For creating the table of contents

http://ecotrust-canada.github.io/markdown-toc/

Table of Contents

Table of contents generated with markdown-toc

Project description

The objective of this project is to perform sentiment analysis on tweets from Twitter. Sentiment analysis is a classification problem in which our code will be able to predict the sentiment of a tweet given the text of the tweet. Sentiment is an attribute of a tweet that ranges from highly positive to highly negative; however, for the purpose of this project, sentiment is divided into two classes: positive or negative. Therefore, given any tweet, our code will label it as either positive or negative. Then we must analyze the accuracy of our model. We do this by comparing the model’s predictions to labels made by humans which are assumed to be correct. The model for predicting sentiment is a convolutional neural network (CNN), a type of machine learning algorithm.

The whole process begins by preprocessing a large training dataset. The data used for this project can be found in the Data sub directory. The dataset contains tweets and information about the tweets including their man-made labels. These tweets must be preprocessed before being vectorized and embedded. After its transformation, the data can then be given to the CNN which will learn from data how to predict sentiment. We then collect the predictions of our model on a test set of data, and for our results we calculate the precision, recall, F1, and accuracy scores of our predictions.

Further detail is found in the sections below.

Installation instructions

Begin by downloading the VectorizationAndCNN.ipynb file. You can follow this tutorial for downloading a single file from github:

Downloading a Single File From GitHib

Follow the same instructions for downloading the cleaned data set file called Cleaned_Sentiment140_Data.csv.

We will also need the glove.twitter.27B.200d.txt file which can be downloaded from glove.twitter.27B.200d.txt

This file may be too big to download, however, so you can use this public google drive link https://drive.google.com/file/d/1R84p-LC9zun-pHflhexbrX743IlsM4P8/view?usp=sharing to upload the file to your drive. Click the link and use ZIP Extractor to extract the file to Google Drive.

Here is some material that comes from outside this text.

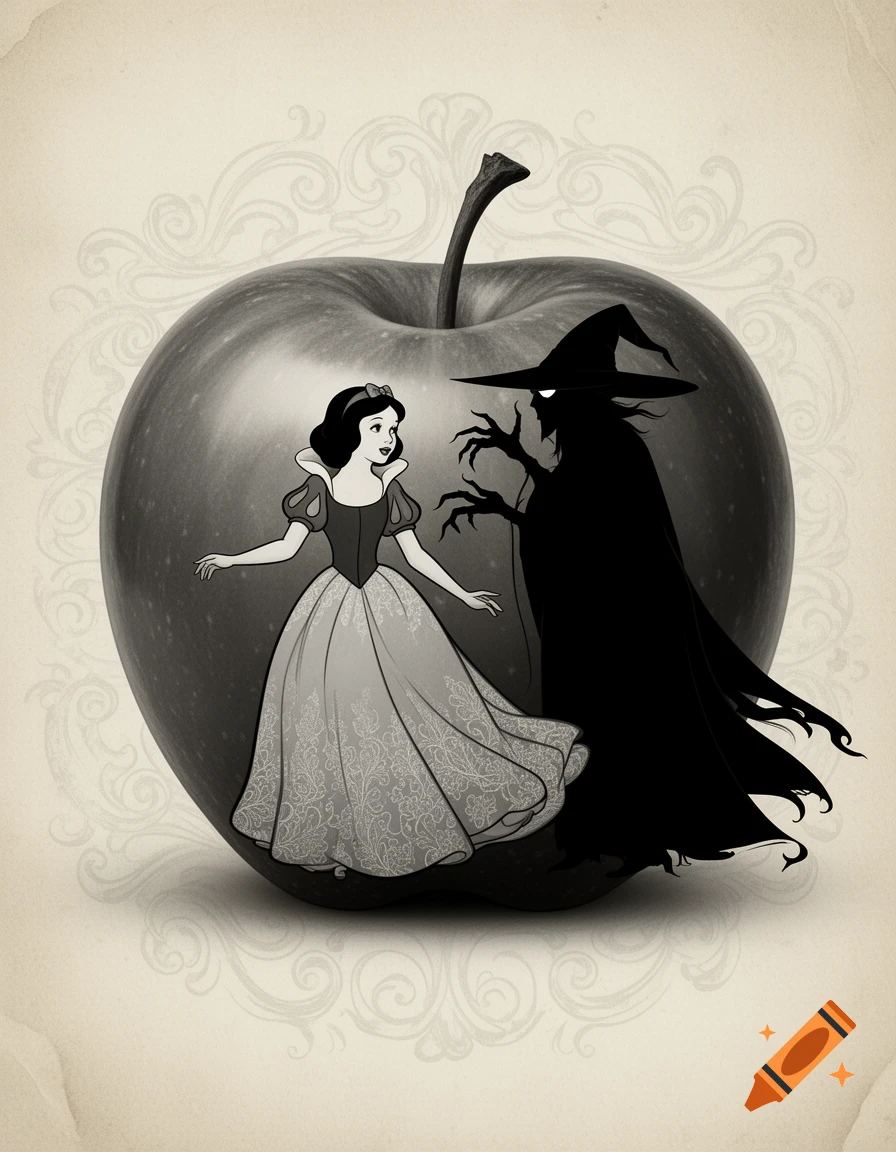 Black and white drawing of Snow White and the Wicked Witch standing in front of a large apple, vintage illustration style.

You can skip the downloads of these two files if you already have downloaded the whole project as a zip file. This can be done by clicking on the green button that says "code" in the main directory of the github page (same directory as this README), and then clicking on "Download ZIP".

We recommend using Google Colab to run the code. To do so, go to google drive at drive.google.com. From your downloads on your local machine, upload the two files, VectorizationAndCNN.ipynb and Cleaned_Sentiment140_Data.csv, to your google drive. Do the same for glove.twitter.27B.200d.txt either from your own downloads or the previous link. Make sure they are uploaded to your MyDrive folder in Google Drive.

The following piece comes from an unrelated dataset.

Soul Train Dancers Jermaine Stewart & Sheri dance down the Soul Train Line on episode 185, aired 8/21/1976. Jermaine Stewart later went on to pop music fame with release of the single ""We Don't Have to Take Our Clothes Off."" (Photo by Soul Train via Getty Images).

Incase you choose to run the code locally, you must install Python and the necessary packages for tensorflow, numpy, keras, and sklearn. Tutorials for installing Python and these libraries can be found at these links:

https://realpython.com/installing-python/

https://www.tensorflow.org/install

https://numpy.org/install/

https://www.tutorialspoint.com/keras/keras_installation.htm

https://scikit-learn.org/stable/install.html

Usage instructions

Open the VectorizationAndCNN.ipynb file in your google drive. There are two lines of code that need to be uncommented before running in Google Colab. These are lines 26 and 27. You can also read through the comments for more guidance through this process.

Then click on the runtime tab, and click run all.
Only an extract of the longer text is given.